We really wonder what these "perceived advantages" might be in practice but, anyway, the Court of Appeal in the "Sajjad" case reminded itself of this and acted accordingly: the rules must be fully met for the case to succeed, and there is very limited scope for flexibility.
But it seems that this case may - or possibly may not - have developed an important new principle about Tier 1 Entrepreneur investment.
The Home Office lawyer told the court that there are only two possible appropriate methods of investment: by way of investment in company shares or by way of director’s loan to the company. The court appeared to accept what he said, but the wording of the court’s decision was nonetheless rather oblique.

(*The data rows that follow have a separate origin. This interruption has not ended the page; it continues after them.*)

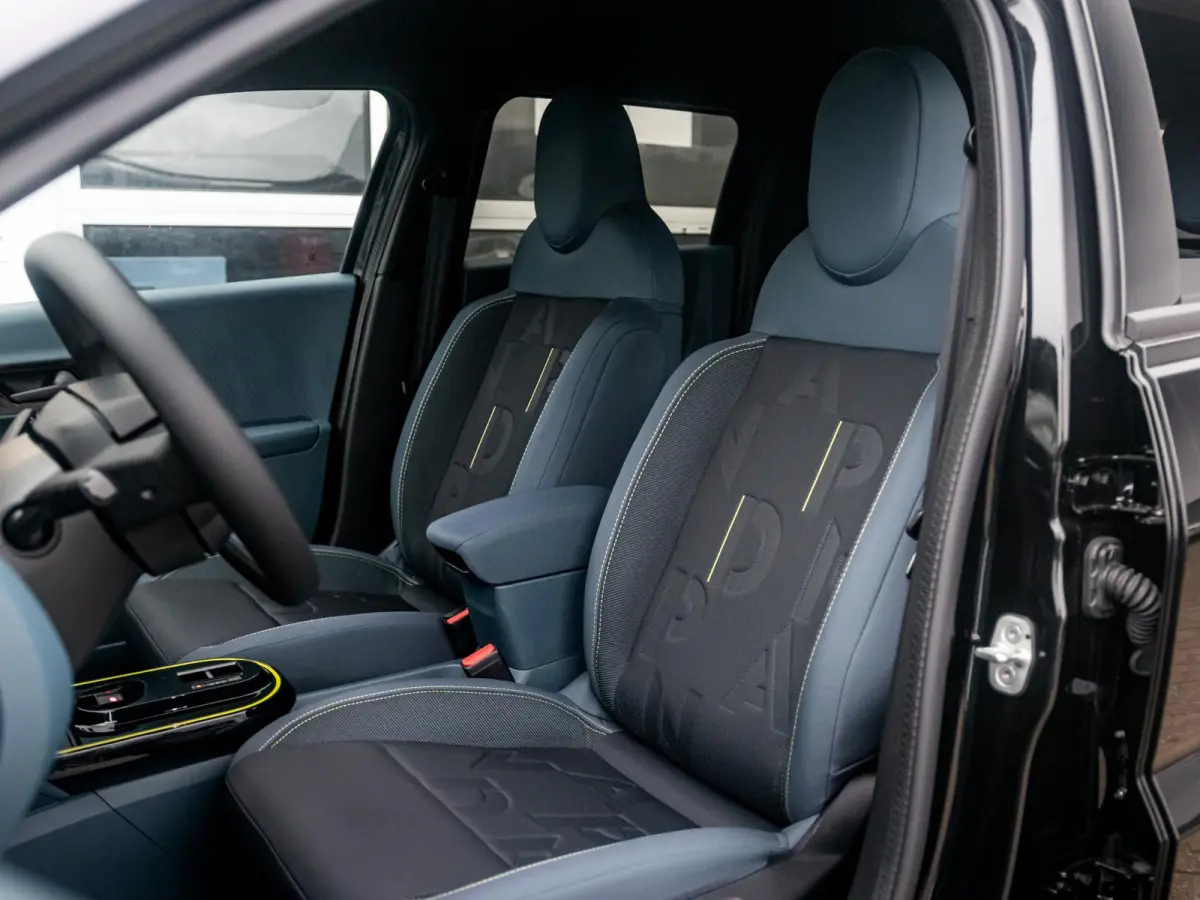 1.2 Hybrid Edizione Nero | Automaat | PDC | Airco | Apple Carplay | Cruise | Pack Style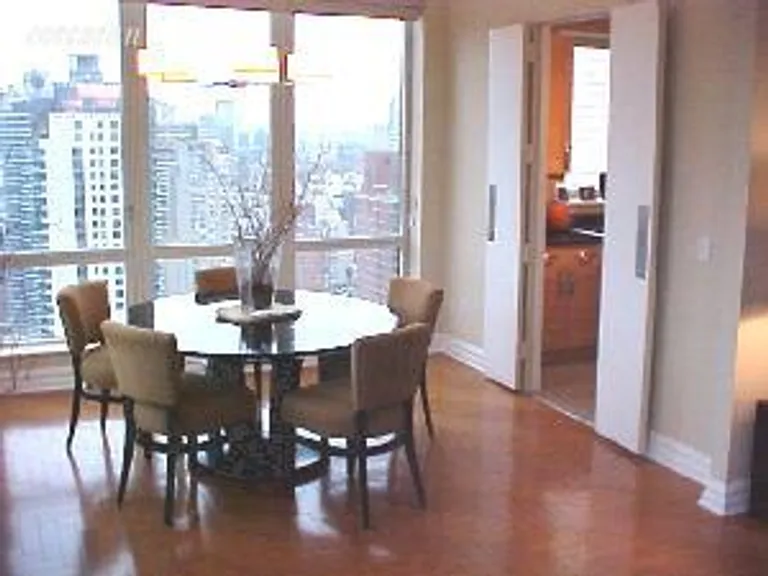 New York City Real Estate | View 401 East 60th Street, 37A | room 2 | View 3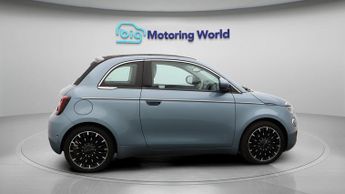 Fiat 500e C LA PRIMA
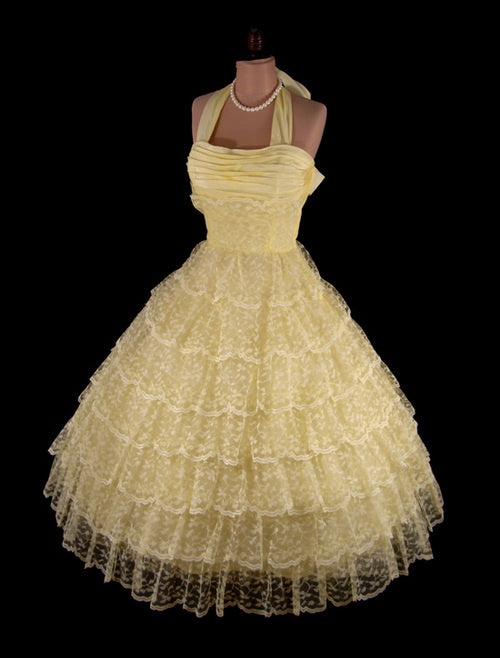Pretty Ball Gown Halter Satin Lace Short Homecoming Dress 17th Birthday Outfits C5692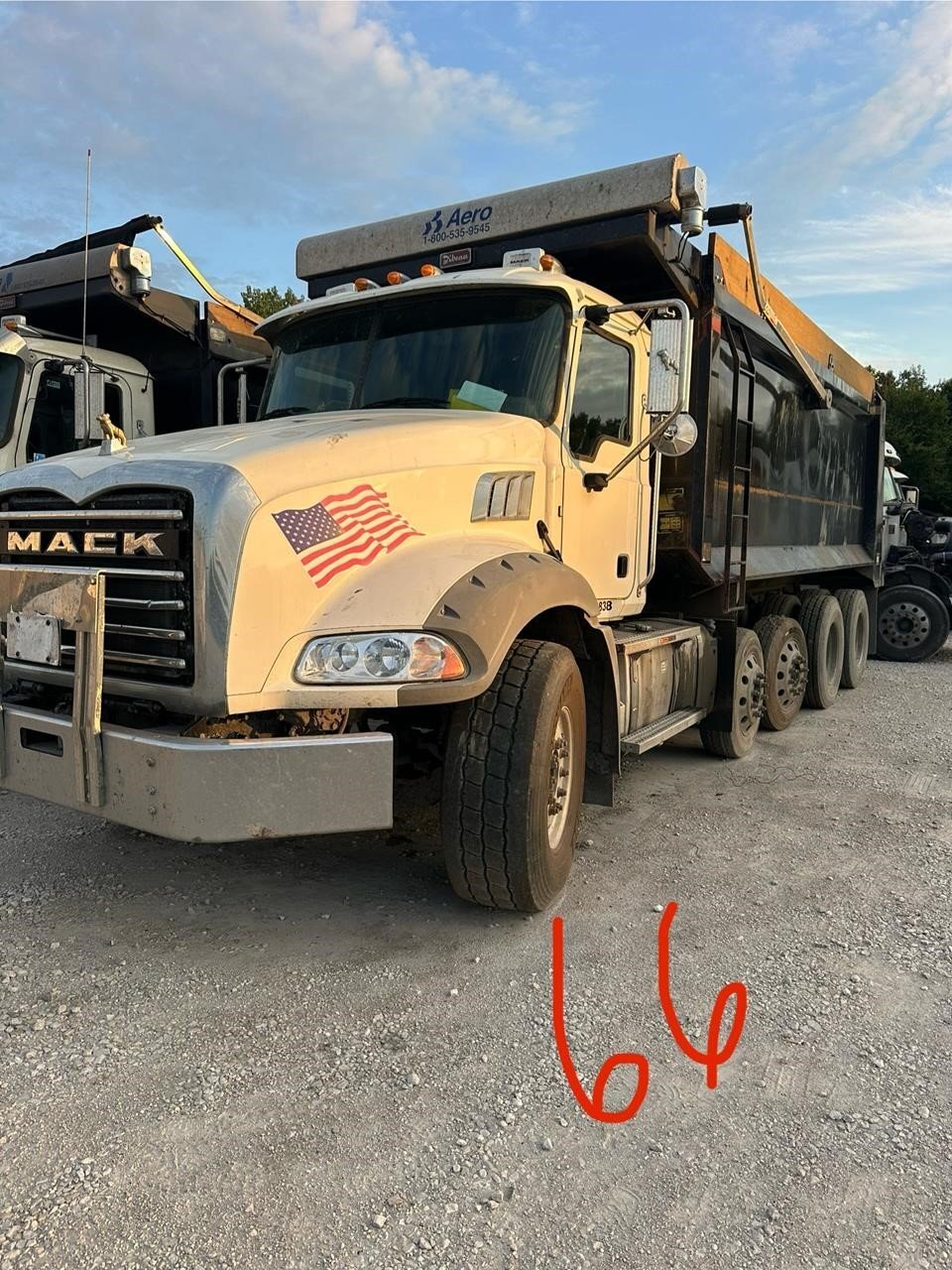 2018 Mack GRANITE GU813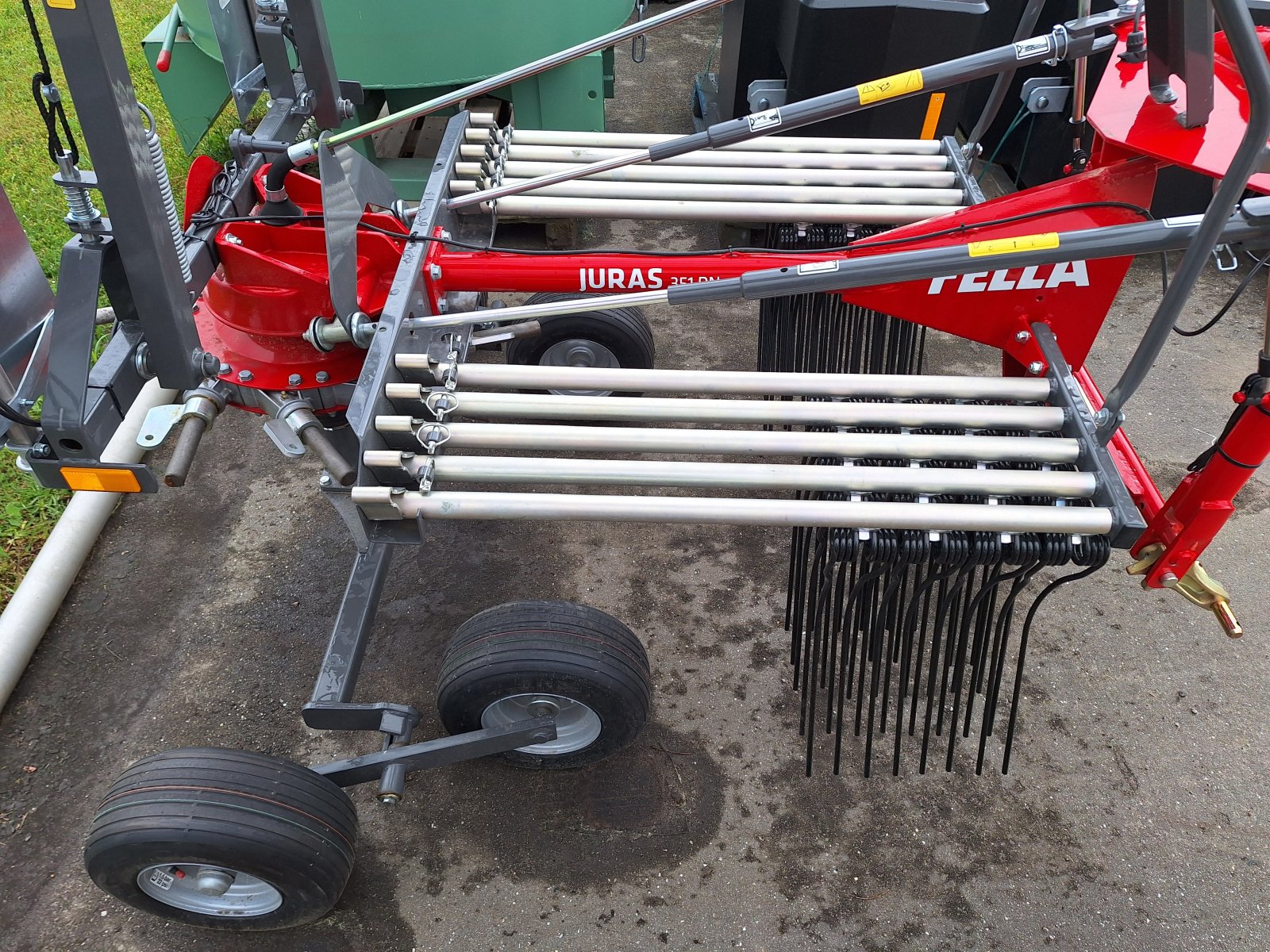 Schwader des Typs Fella TS 351 DN, Neumaschine in Nittenau (Bild 1)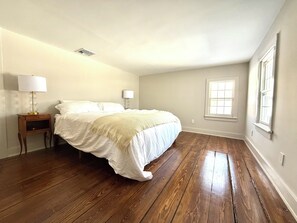 5 bedrooms, iron/ironing board, WiFi, bed sheets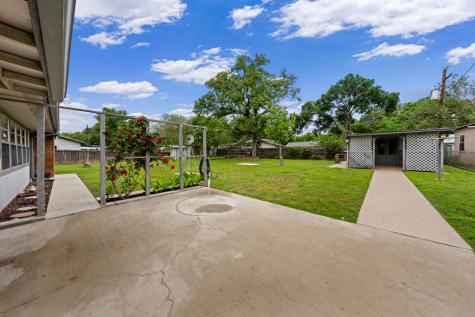 133 Oak Way Kerrville TX 78028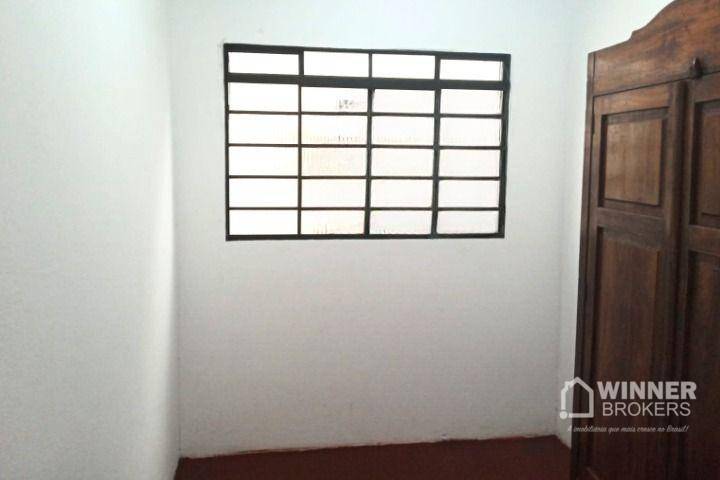 Sobrado à venda com 6 quartos, 250m² - Foto 36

This case suffered from something of a "time warp" factor, which might not have helped. The original Home Office refusal decision had been made as long ago as 2015, and since then several versions of the relevant immigration rules and associated policy guidance have come and gone.
But an examination of the rules existing in 2015 (which were the ones relevant to the court’s decision) suggest that there might be a third option: ie direct investment of funds into the company, not by way of director’s loan. But the court was not sympathetic to this idea. The court preferred the Home Office lawyer’s assertion that such an investment of funds was, by its very nature, a director’s loan, even if not described as such. And Mr Sajjad’s investment had not met the detailed criteria for a director’s loan, so he had fatally fallen foul of the rules, and he was thus unsuccessful.
We feel sorry for Mr Sajjad and we also feel confused, because rules and policy guidance now displayed on the Home Office website seem to clearly envisage the possibility of direct investment into the company for Tier 1 Entrepreneurs. If the court’s decision means what it seems to mean then this material needs to be amended.
However, as we earlier suggested, the court’s decision was not entirely clear. The Court of Appeal has power to strike down immigration rules if they think they are unlawful or irrational but it did not do so in this case.
We hope that some clarification about this will emerge.